Supplied information:
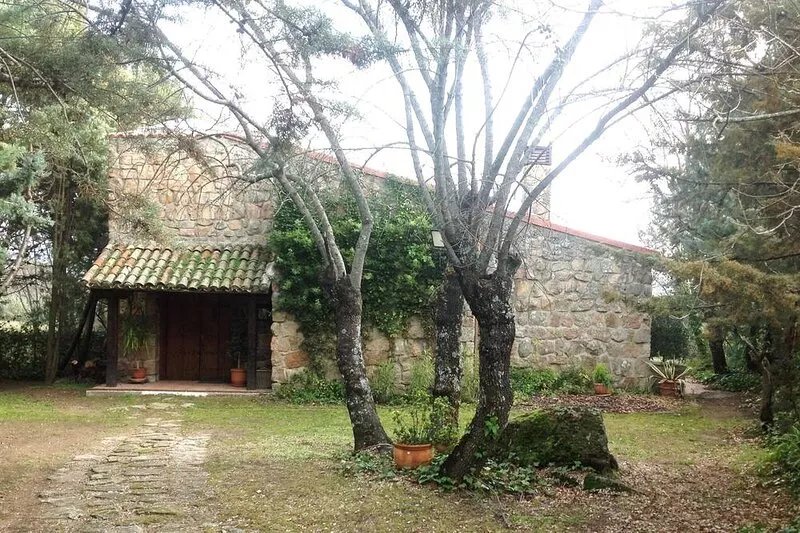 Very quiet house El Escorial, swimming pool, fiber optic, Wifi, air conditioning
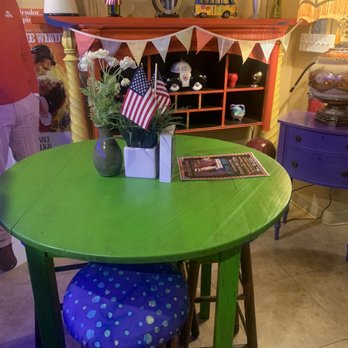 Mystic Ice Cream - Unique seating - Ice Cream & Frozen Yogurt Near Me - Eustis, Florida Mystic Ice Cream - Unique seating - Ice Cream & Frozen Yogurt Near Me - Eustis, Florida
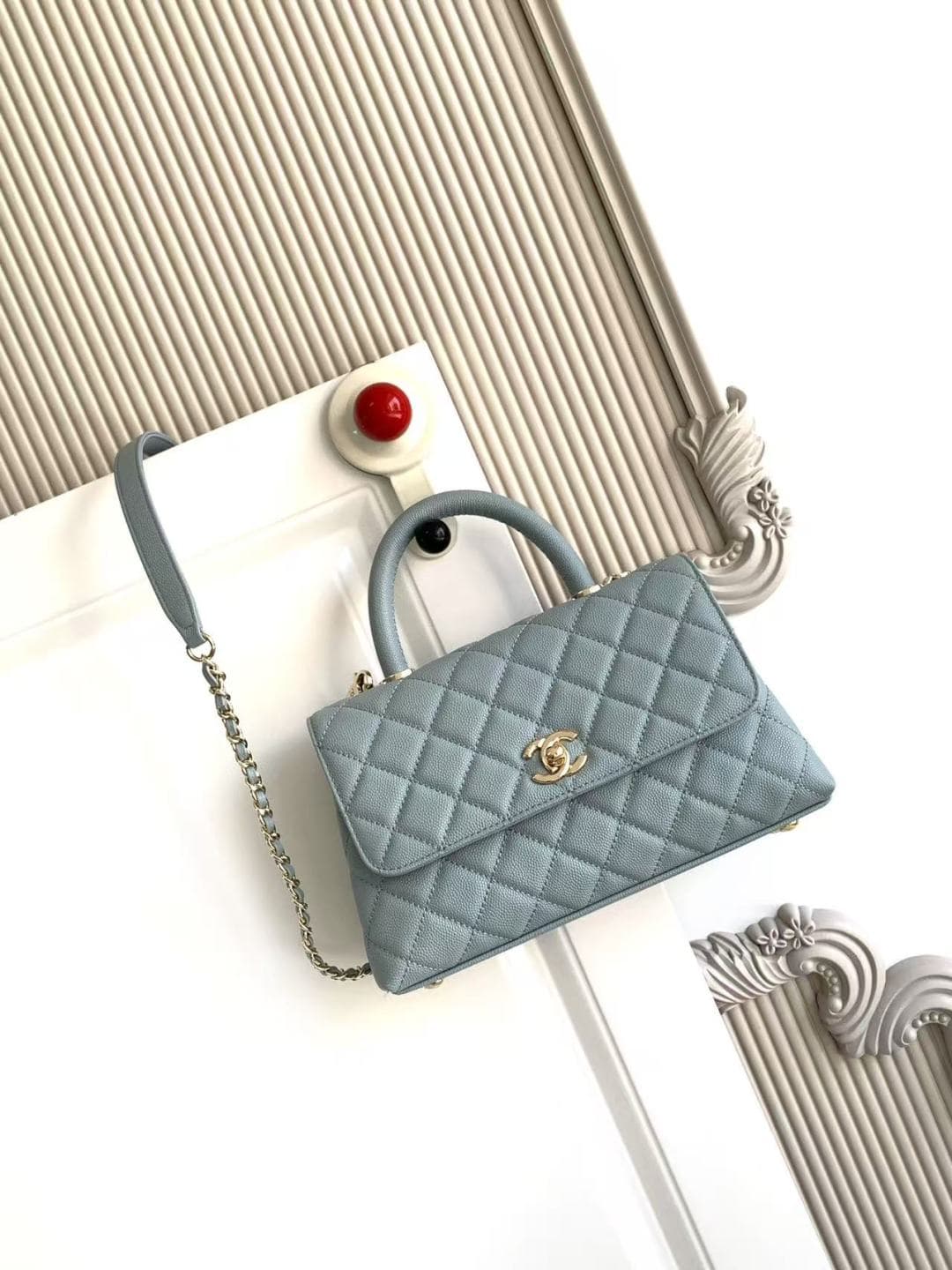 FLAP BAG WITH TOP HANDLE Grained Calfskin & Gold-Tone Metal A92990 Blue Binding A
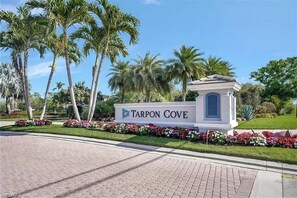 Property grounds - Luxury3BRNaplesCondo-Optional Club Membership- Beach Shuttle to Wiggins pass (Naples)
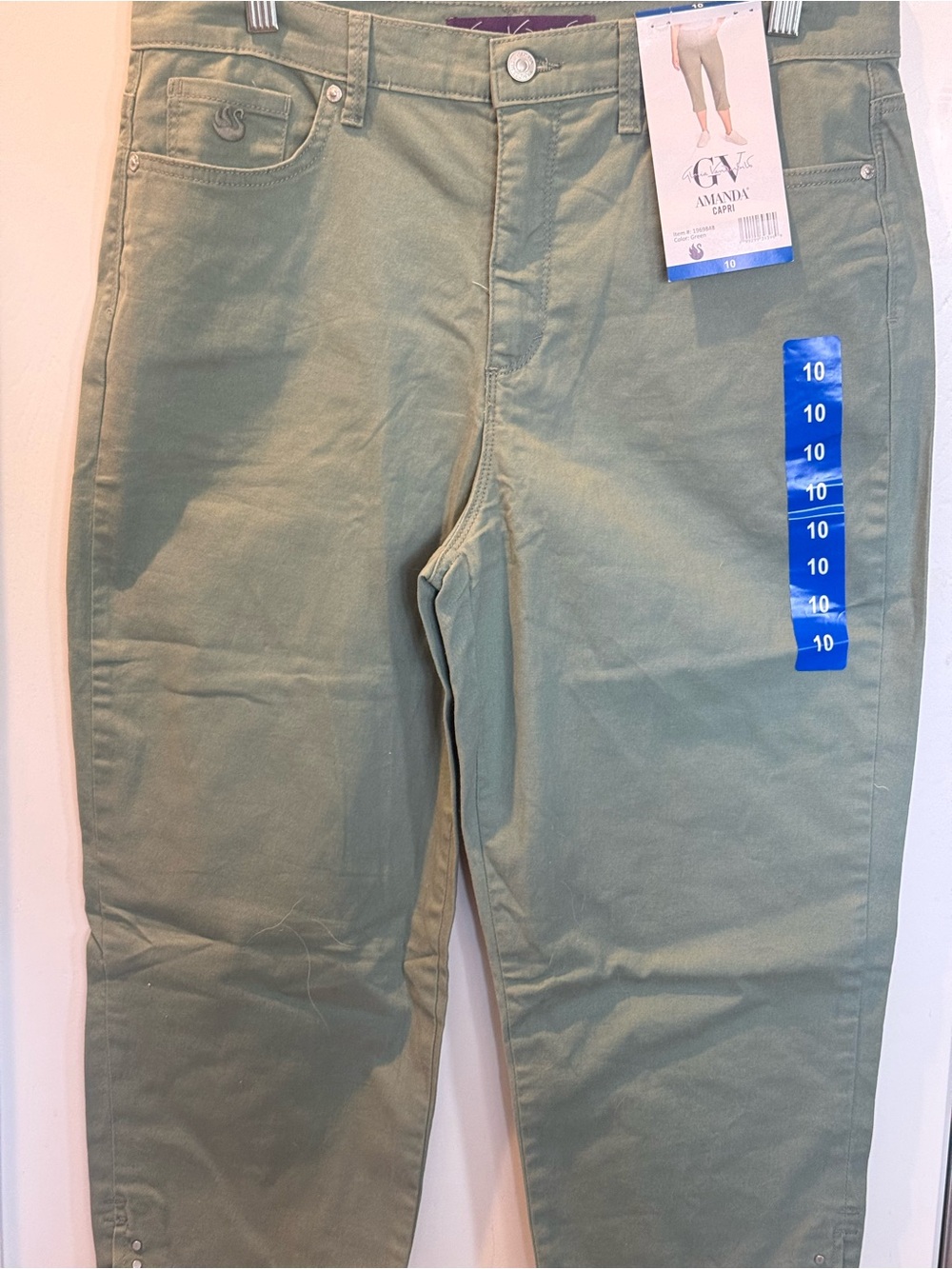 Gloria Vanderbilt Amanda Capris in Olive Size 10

Instructions to follow:
Print, exactly as written, the lines from the one containing "FLAP BAG WITH" to the end of the material, both ends included, and nothing else; no pictures.

Your solution:
 FLAP BAG WITH TOP HANDLE Grained Calfskin & Gold-Tone Metal A92990 Blue Binding A
 Property grounds - Luxury3BRNaplesCondo-Optional Club Membership- Beach Shuttle to Wiggins pass (Naples)
 Gloria Vanderbilt Amanda Capris in Olive Size 10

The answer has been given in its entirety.